Data for this task:
=== Begin Enclosure ===

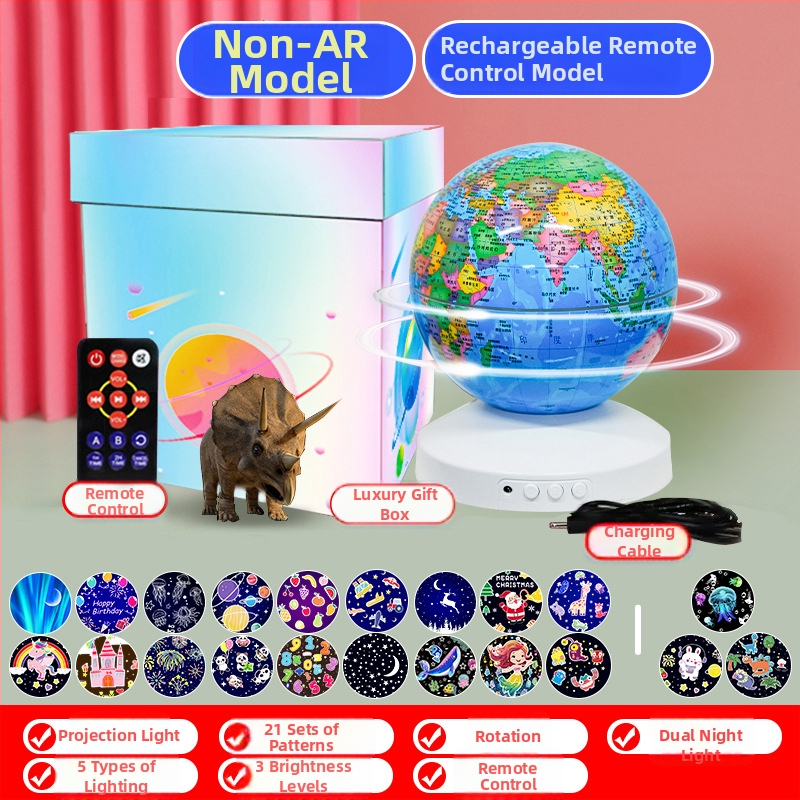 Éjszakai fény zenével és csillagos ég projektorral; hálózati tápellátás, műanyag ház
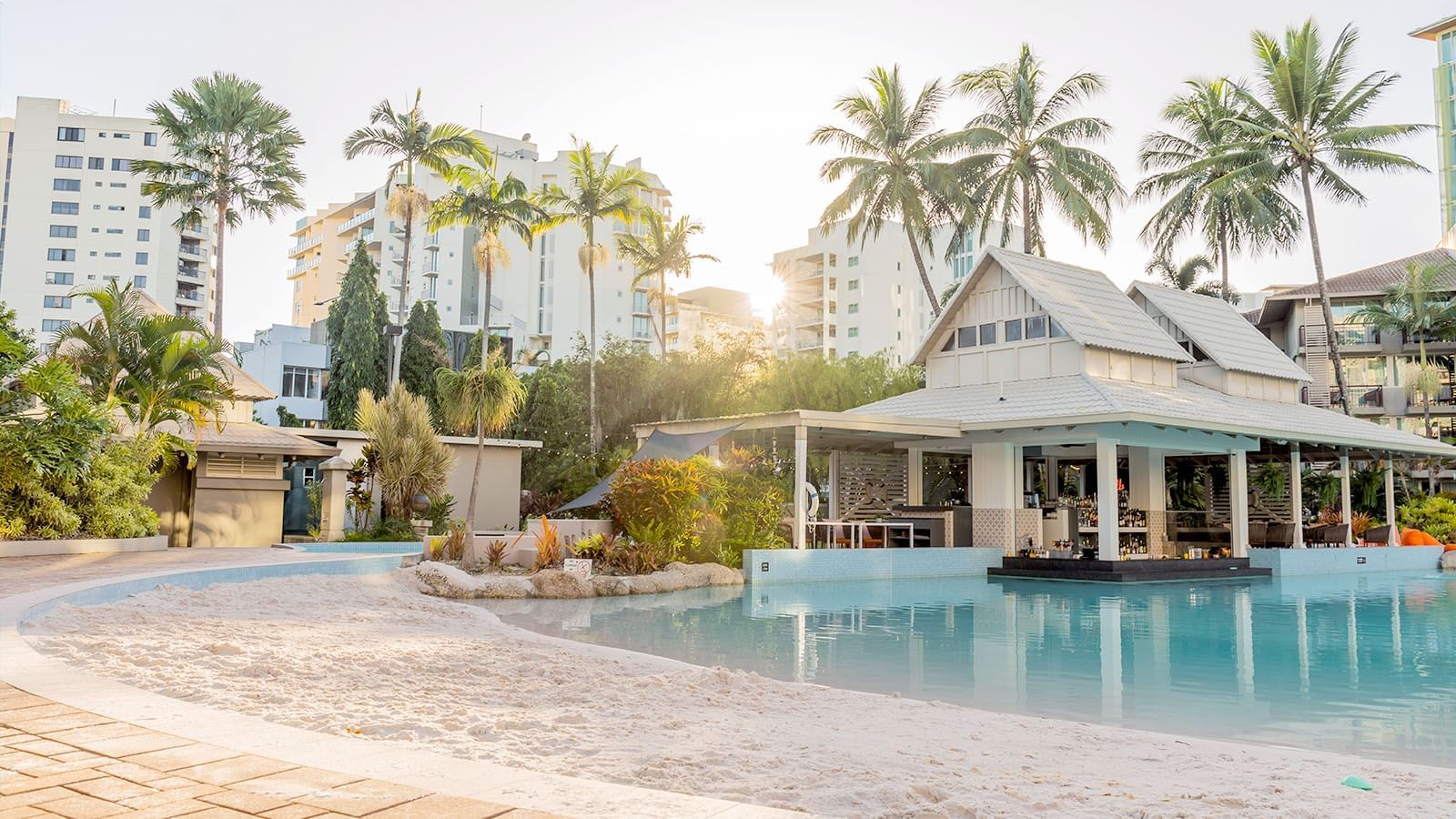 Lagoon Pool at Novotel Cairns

=== End Enclosure ===
=== Begin Enclosure ===

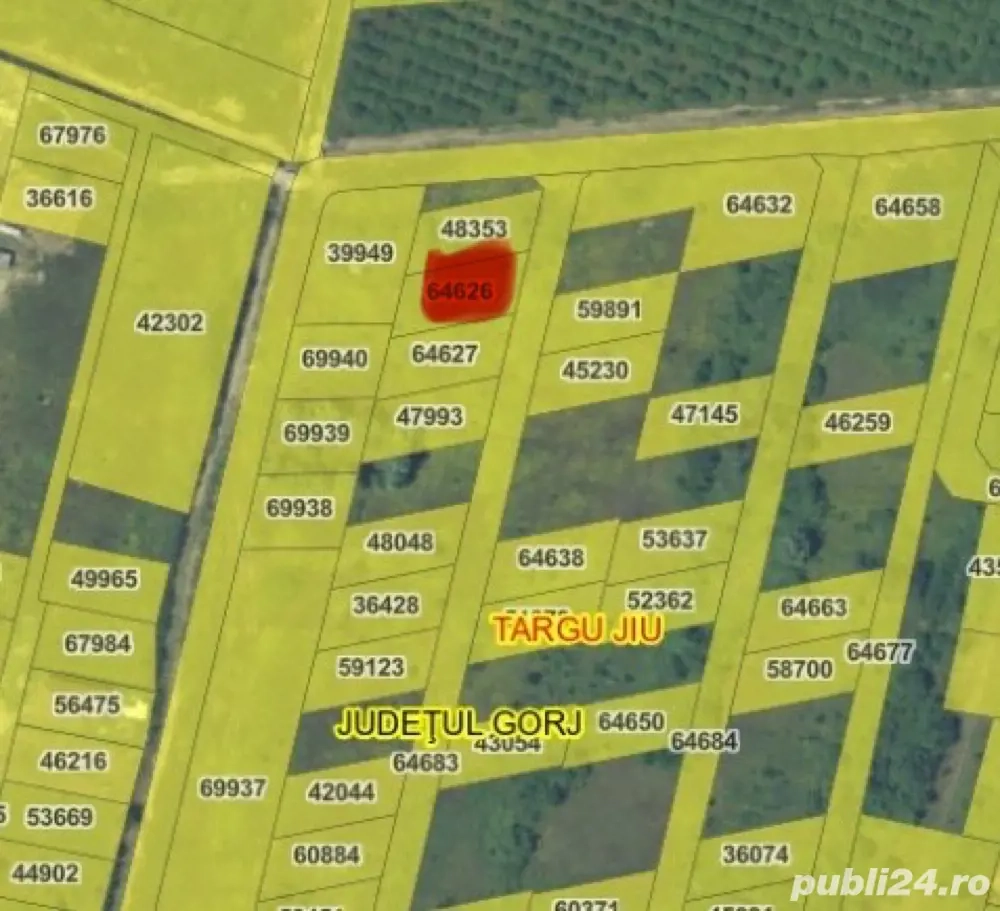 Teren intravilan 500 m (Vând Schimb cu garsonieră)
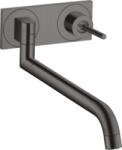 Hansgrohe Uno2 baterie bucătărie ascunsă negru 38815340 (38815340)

=== End Enclosure ===

Exercise: All that is wanted is the lines above between the one containing "Teren intravilan 500" and the one containing "Hansgrohe Uno2 baterie", inclusive, restated word for word, with pictures omitted.

Result for this task:
 Teren intravilan 500 m (Vând Schimb cu garsonieră)
 Hansgrohe Uno2 baterie bucătărie ascunsă negru 38815340 (38815340)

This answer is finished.